Beefy Boxes and Bandwidth Generously Provided by pair Networks
Keep It Simple, Stupid
 
PerlMonks  

Supress similar chars in the string

by Lana (Beadle)
on Jan 18, 2011 at 17:13 UTC ( [id://882930]=perlquestion: print w/replies, xml ) Need Help??

Lana has asked for the wisdom of the Perl Monks concerning the following question:

Hi Monks! I am stuck with this, as I thought, simple task. Let's say I have some input string like
testing 1234567 ........ aaaaaaaasssssss __________ ++++++++++ ------- +-- testing testing
but I don't want to allow more than three similar chars one by one and I need the string to be modified to:
testing 1234567 ... aaasss ___ +++ --- testing
I played with regex but have no idea how to identify similar chars. What is the best way to make this filter? It will be used on big strings, say a few megabytes.

Replies are listed 'Best First'.
Re: Supress similar chars in the string
by kennethk (Abbot) on Jan 18, 2011 at 17:22 UTC
    You can accomplish your desired result using Backreferences. With your sample input, I would use the code:

    #!/usr/bin/perl use strict; use warnings; $_ = 'testing 1234567 ........ aaaaaaaasssssss __________ ++++++++++ - +-------- testing testing '; s/((.)\2\2)\2*/$1/g; print;

    to output

    testing 1234567 ... aaasss ___ +++ --- testing testing

    YAPE::Regex::Explain describes the regex as:

    ( group and capture to \1: ---------------------------------------------------------------------- ( group and capture to \2: ---------------------------------------------------------------------- . any character except \n ---------------------------------------------------------------------- ) end of \2 ---------------------------------------------------------------------- \2 what was matched by capture \2 ---------------------------------------------------------------------- \2 what was matched by capture \2 ---------------------------------------------------------------------- ) end of \1 ---------------------------------------------------------------------- \2* what was matched by capture \2 (0 or more times (matching the most amount possible))

    Note I have kept the third 'testing' in the string, which seems to follow spec but not your example.

    Update: As AnomalousMonk points out below, swapping \2* to \2+ is more rigorously correct and avoids some unnecessary no-ops.

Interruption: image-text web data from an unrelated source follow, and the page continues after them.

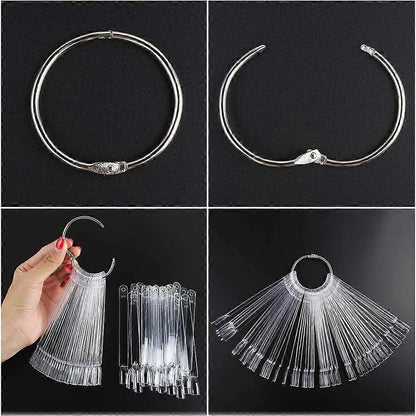 False Nail Tips Nature Clear  – Finger Full Card Nail Art Display Practice Tools Each.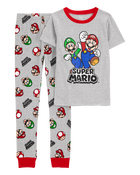 Kid Super Mario Snug Fit Cotton 2-Piece Pajamas - Heather, image 1 of 3 slides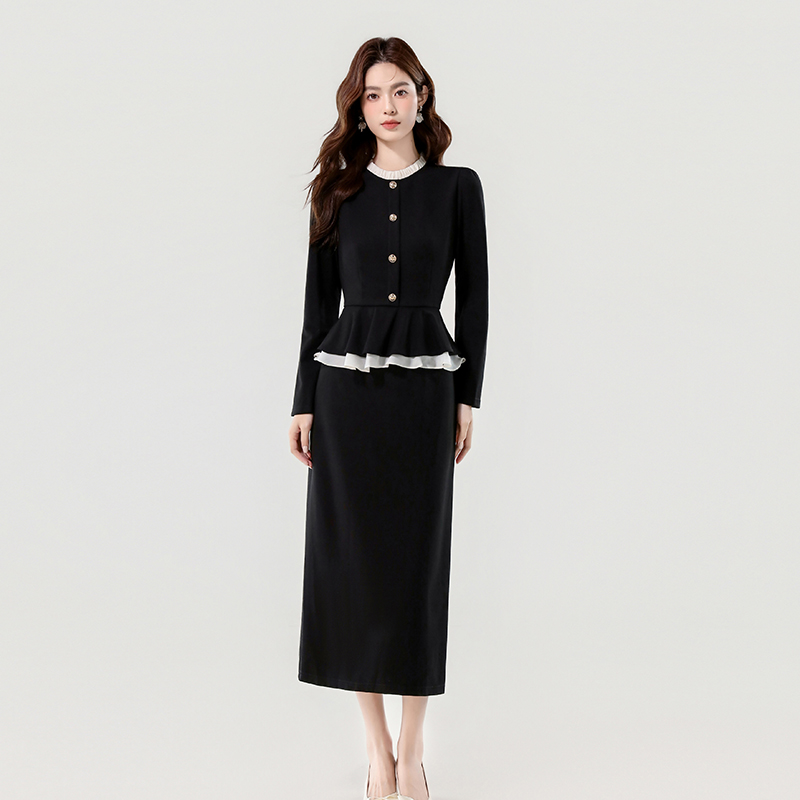 Lotus leaf edges mixed colors temperament dress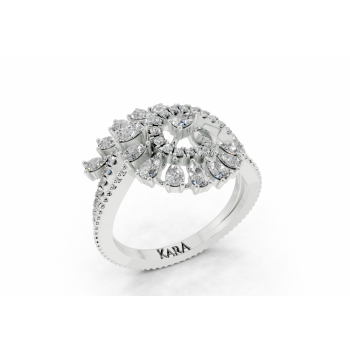 Ring with 0.88ct Pear Cut diamonds and 0.27ct round diamonds
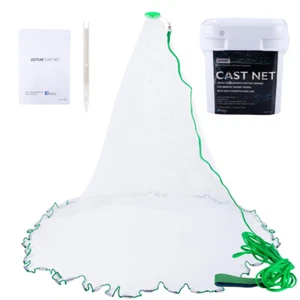 Goture American Fishing Cast Net Saltwater Freshwater, 3/8inch 1/4in Mesh Size C - Picture 1 of 7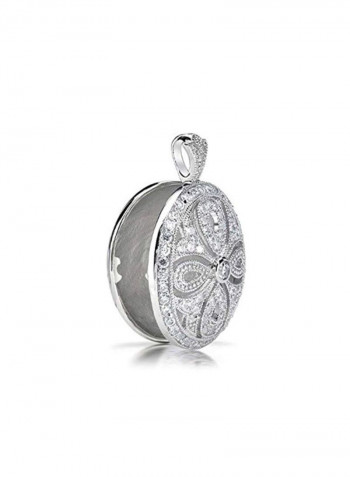 Rhodium Plated Brass Cubic Zirconia Studded Filigree Necklace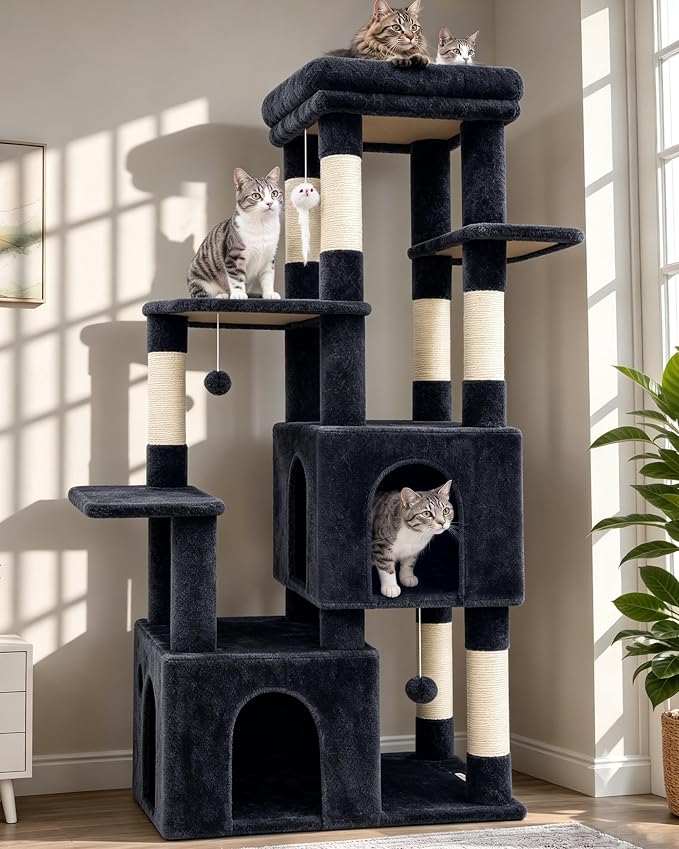 Globlazer Heavy Duty Cat Trees for Big Cats Maine Coon, F61, Dark Grey | Cat Tower for Indoor Large Adult Cats with Scratching Post, Extra Large Top Perch, Cat Condos, 61inch by Globlazer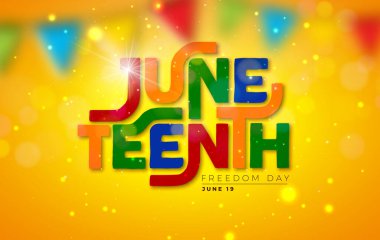 Haziran Özgürlüğü Günü Tasarımı. Afro-Amerikan 19 Haziran Bağımsızlık Günü. Sarı Arkaplanda Renkli Tipografi Harfleri ve Bayrağıyla Yıllık Amerikan Özgürlük Günü Vektör İlülasyonu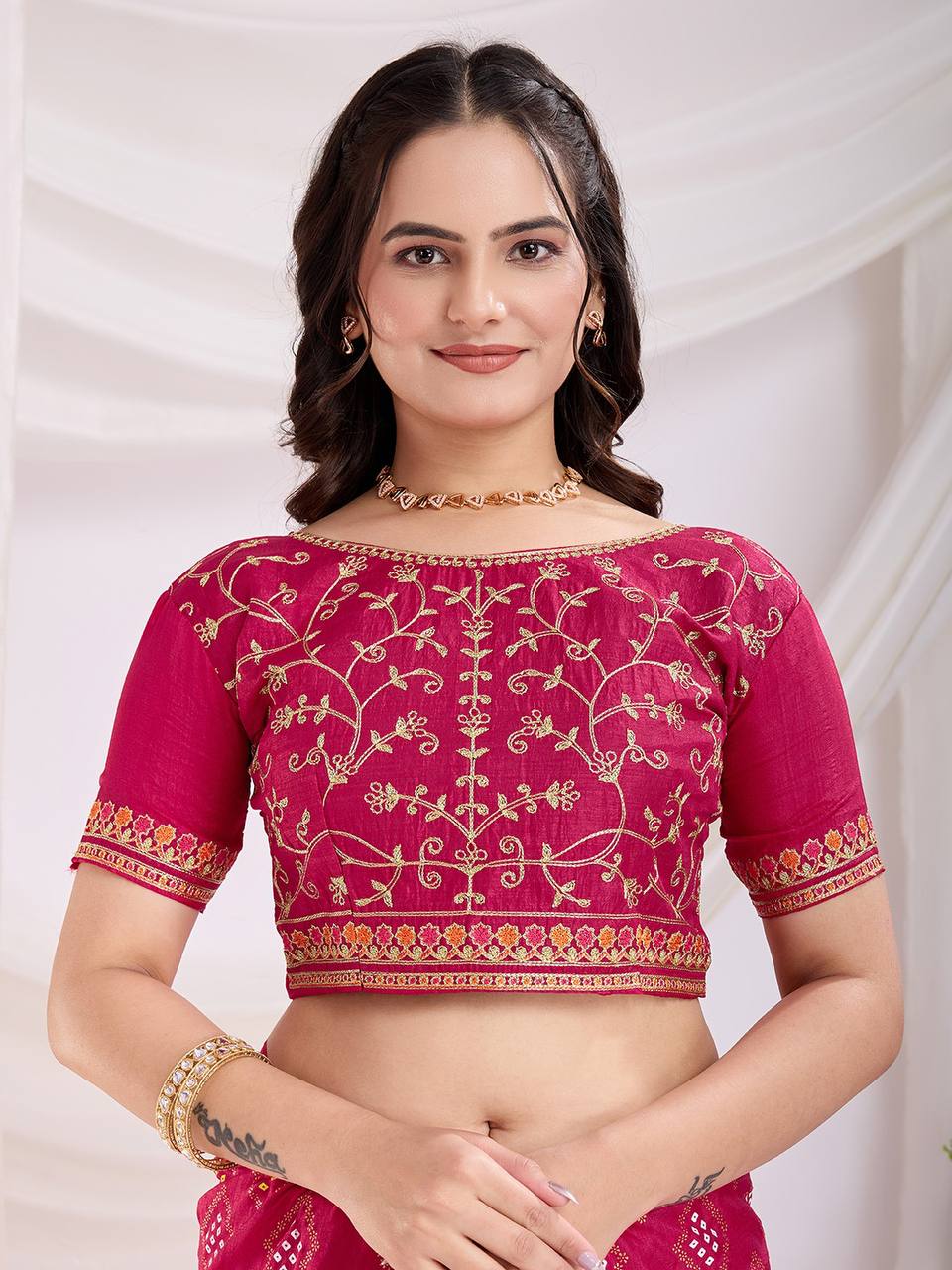 Pink Vichitra Silk Bandhej Saree Collection.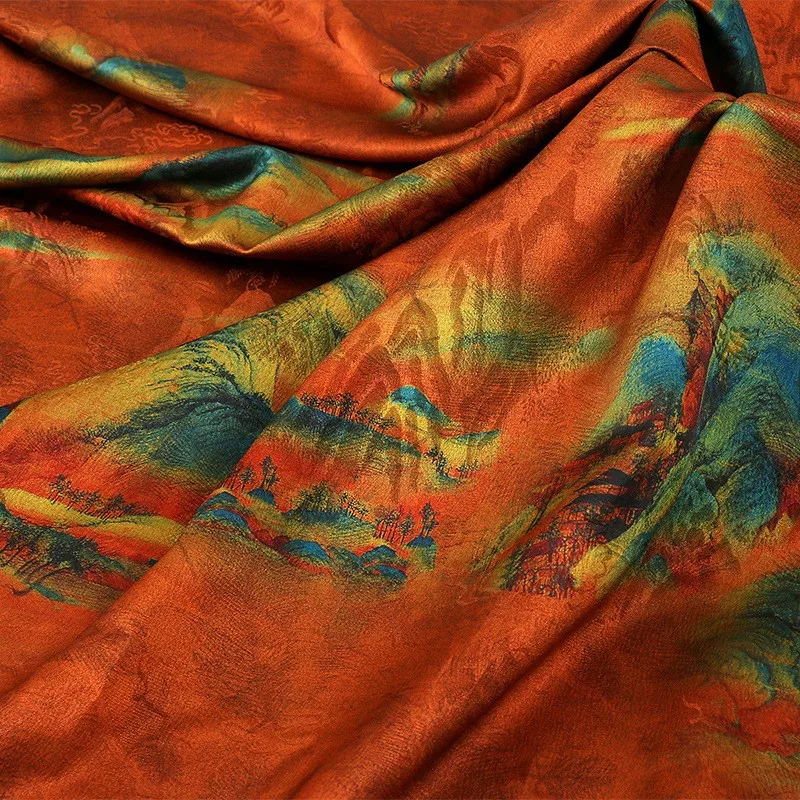 Tkanina żakardowa w dużych kolorach górskich, idealna na jesienno-zimowe ubrania wierzchnie, cheongsam, z nadrukiem w stylu starożytnym.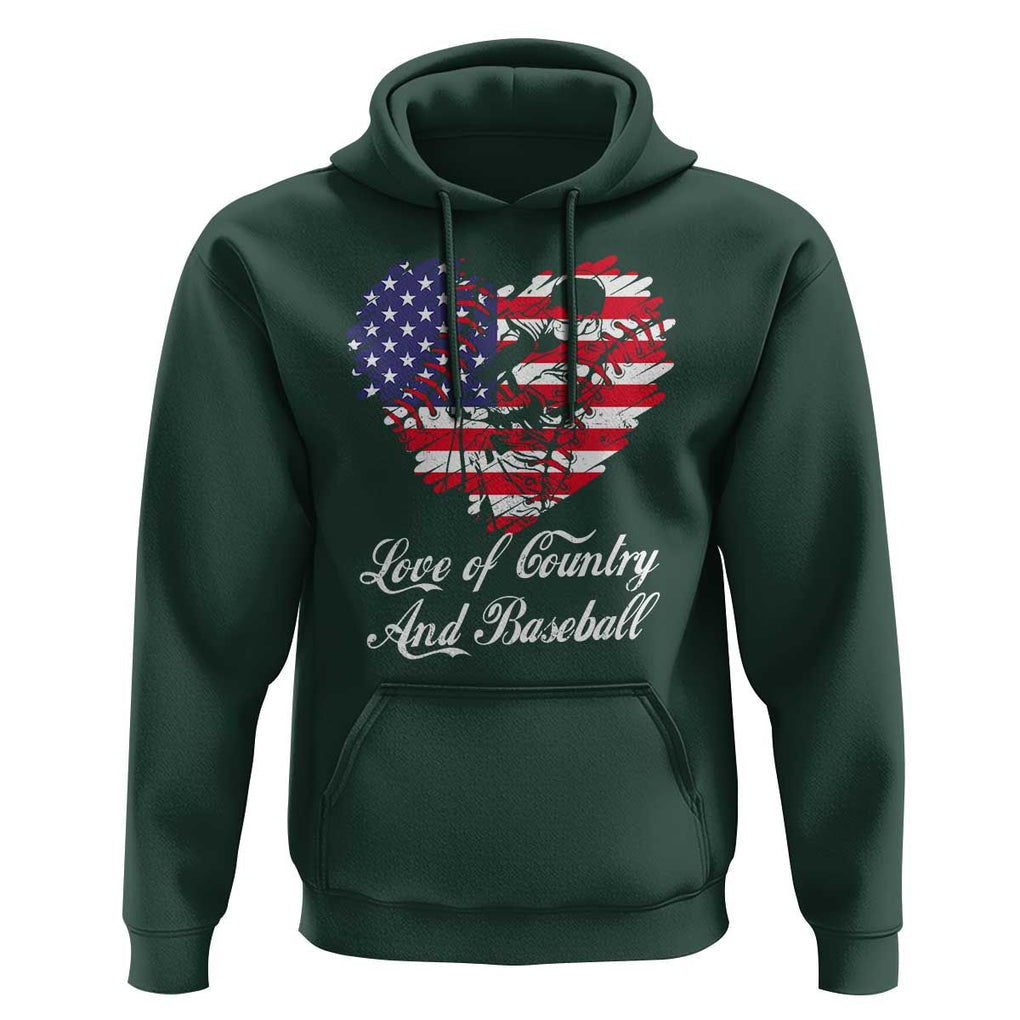 Baseball Hoodie Love Of Country And Base Ball Vintage Heart USA Flag TS11 Dark Forest Green Print Your Wear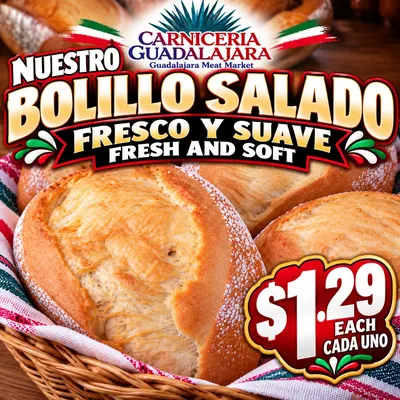 Bolillo salado, fresh and soft flyer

However, I didn't think this particular optimization was likely to have sufficient impact to warrant changing the post content. For a cleaner version, you can also use s/(.)\1{3,}/$1 x 3/eg; (or s/(.)\1{$n,}/$1 x $n/eg;).

      And if the OP ever had the need to scale it up to more than 3 characters:
      use strict; use warnings; my $n = 3; # number of adjacent characters $n--; $_ = 'testing 1234567 ........ aaaaaaaasssssss __________ ++++++++++ - +-------- testing testing '; s/((.)\2{$n})\2*/$1/g; print;

        Is this a case where adding the /o modifier to the s/// operator might be helpful? It's an efficiency measure intended to ensure (or help ensure, I think) the regex is only compiled once.

        s/((.)\2{$n})\2*/$1/go;
        s/((.)\2{$n})\2*/$1/g;

        Shouldn't the  \2* (zero or more of...) term in the regex above be  \2+ (one or more of...) instead? I.e.:
            s/((.)\2{$n})\2+/$1/g;
        Won't the  \2* version lead to useless replacement of sub-strings of n identical characters with the same n-character sub-string (Update: where n is the maximum number of contiguous identical characters originally defined)?

        Update: This really should have been posted as a reply to Re: Supress similar chars in the string.

      Newer Perls (>=5.10) also allow you to say

      s/(.)\1\1\K\1*//g;

      i.e., through the use of \K, you don't need to copy the part of the match you want to keep ($1 in your regex) into the substitution.

        s/(.)\1\1\K\1*//g;

        Shouldn't  \1* in regex above be  \1+ for reason similar to that discussed in Re^3: Supress similar chars in the string: useless replacement of empty string with empty string? (Or is regex engine smart enough to avoid this null operation?)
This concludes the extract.